About this task: Reproduce the following data exactly, minus any images.
BEGIN Extracted records
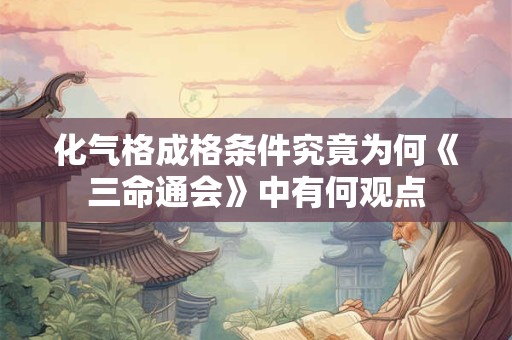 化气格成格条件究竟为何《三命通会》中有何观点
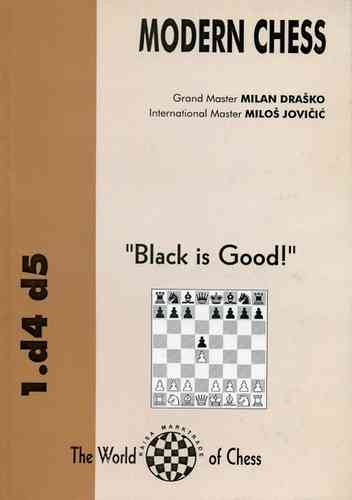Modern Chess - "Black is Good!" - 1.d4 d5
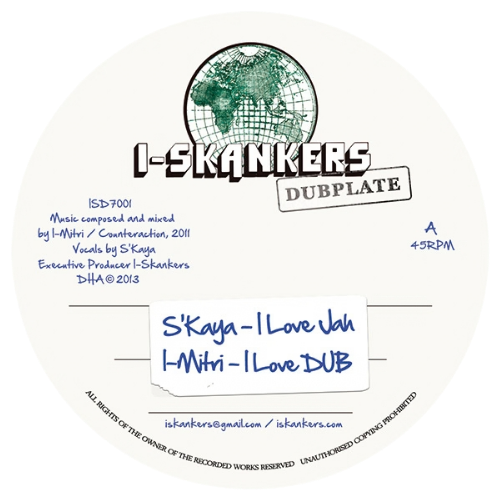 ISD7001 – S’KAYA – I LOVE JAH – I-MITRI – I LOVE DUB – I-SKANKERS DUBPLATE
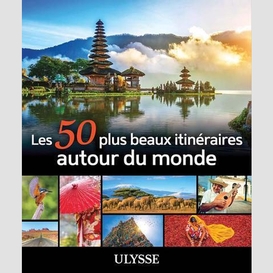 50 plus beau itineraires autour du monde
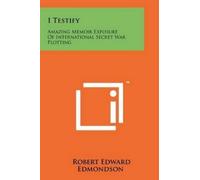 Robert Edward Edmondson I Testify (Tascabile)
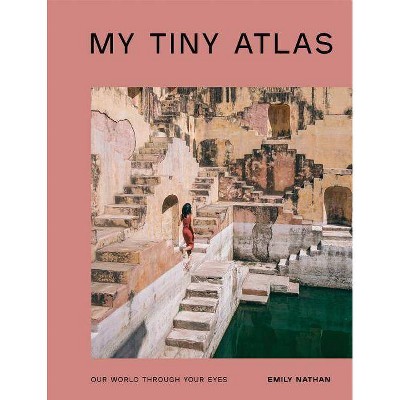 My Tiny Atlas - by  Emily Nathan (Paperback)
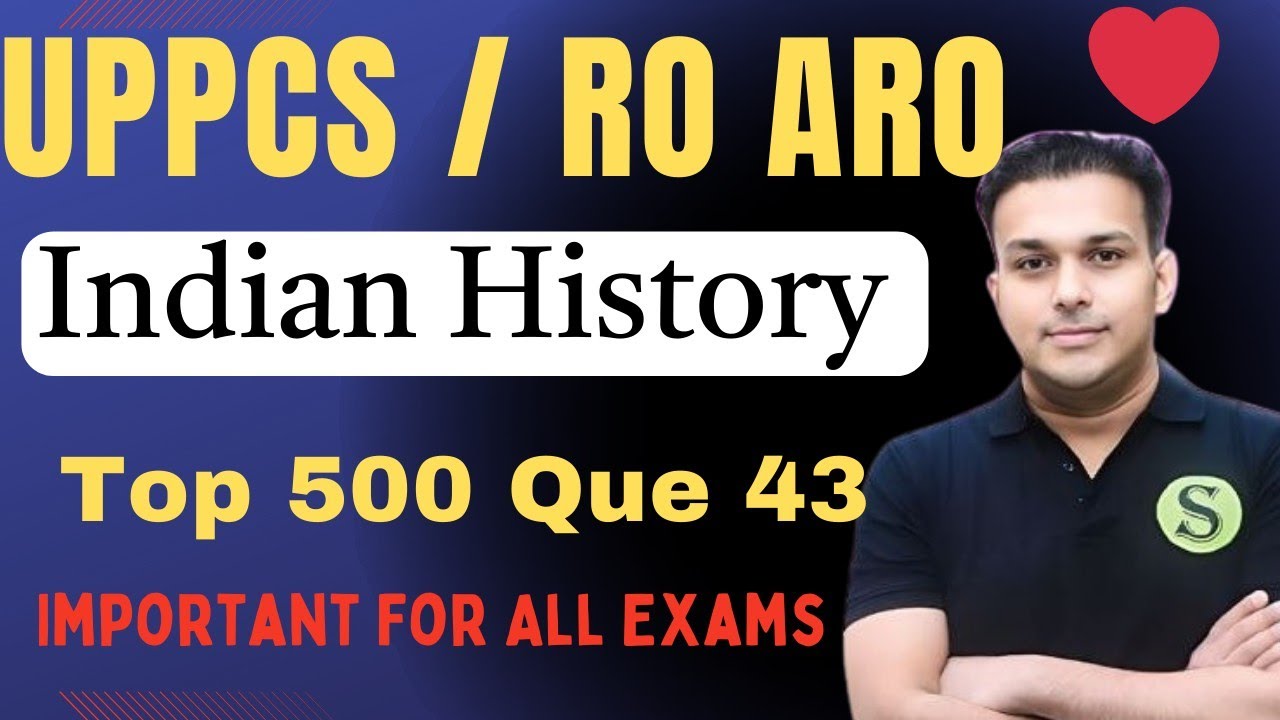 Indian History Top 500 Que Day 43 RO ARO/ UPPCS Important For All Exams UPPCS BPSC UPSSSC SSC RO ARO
END Extracted records
Response box:
 化气格成格条件究竟为何《三命通会》中有何观点
Modern Chess - "Black is Good!" - 1.d4 d5
 ISD7001 – S’KAYA – I LOVE JAH – I-MITRI – I LOVE DUB – I-SKANKERS DUBPLATE
 50 plus beau itineraires autour du monde
 Robert Edward Edmondson I Testify (Tascabile)
 My Tiny Atlas - by  Emily Nathan (Paperback)
 Indian History Top 500 Que Day 43 RO ARO/ UPPCS Important For All Exams UPPCS BPSC UPSSSC SSC RO ARO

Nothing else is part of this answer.